Afterward the clouds of dust and grime filled the neighborhood. Those from the towers themselves that were able to save themselves stumbled through the streets, dust laden, gasping. Some passed us by with the firm helping the injured. It was a scene of utter desperation and horror exacerbated hundred fold when the second tower began to buckle and went down. The devastation was captured in that extraordinary tome "Here is New York" incorporating photos of pictures taken by those at the scene including a few of my own.

For weeks and months thereafter the site of the destruction and the surrounding streets and neighborhood became a ghost town for all except the emergency workers and those few residents who chose or had no alternative but to stay in the choking air and turbulence of what had become a bomb site. The photos of the missing were posted all over, posted by families in the hope of learning something, anything of the fate of their loved ones.

And yet, after it happened, this heinous crime was celebrated in some parts of the world. While elsewhere in the world there was compassion and shared sadness with the horror and the loss of so many innocent lives. From most everywhere came offers of help and condolence.

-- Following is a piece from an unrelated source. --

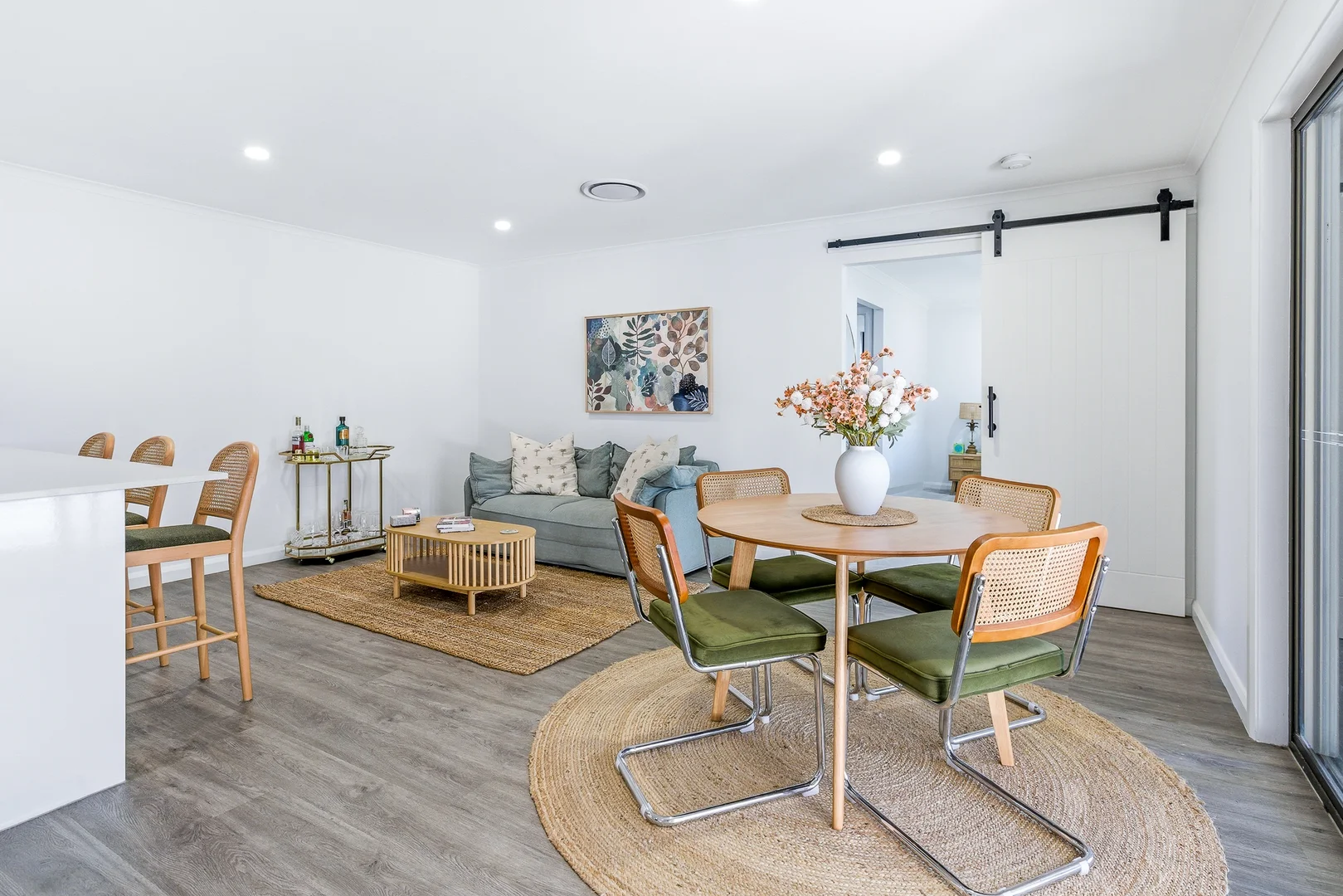 Additional image 5 of 3 Ballard Place, Coombabah QLD 4216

Given the trauma of the event. Given the rawness still of that moment not only to the city, the nation and most especially the thousands of families directly impacted who feel its pain every day and will continue to to the end of their lives, one needs ask what is now appropriate.

Whether a mosque built in memoriam as a chapel of respect and prayer so near to the site of the event would be welcome given the religious roots of the attack is debatable, and perhaps best left to those victims most directly impacted to decide. One could well imagine such a shrine to the loss and horror of that day and time would be a gesture of reconciliation appreciated and respected by many if not all.

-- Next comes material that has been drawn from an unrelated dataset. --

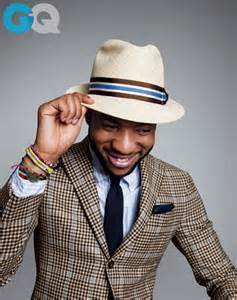 Panama Hat 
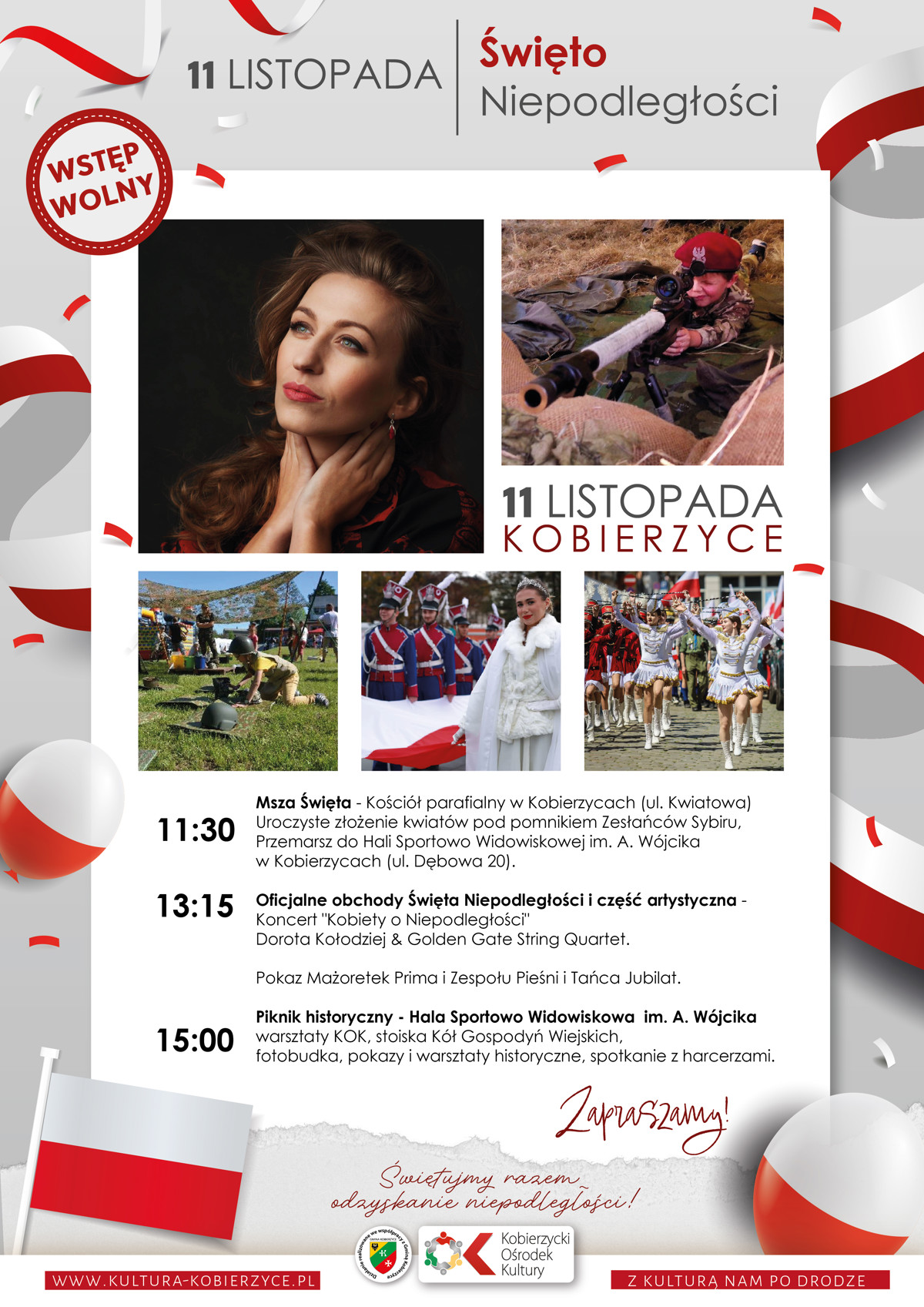 11 listopada 2025.jpg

But to build a swimming pool, a theater, where one is meant to come play and frolic, to be entertained at the very site where thousands of Americans horrifically lost their lives smacks of gross insensitivity or worse yet, triumphalism. No one doubts that it is the right in this country of every religion to build a house of worship, but to build an entertainment center under the guise of 'community center', and 'religous freedom' is a canard that should be seen for what it is. And it borders on the ugly in its insensitivity, and dangerous given how these 'community centers' have been used to radicalize adherents to the faith in nations throughout the world, especially in those countries with their open societies that have been welcoming under the tenets of communal citizenship and religous rights.

We all need pray that God gives us the ability to deal wisely in this matter.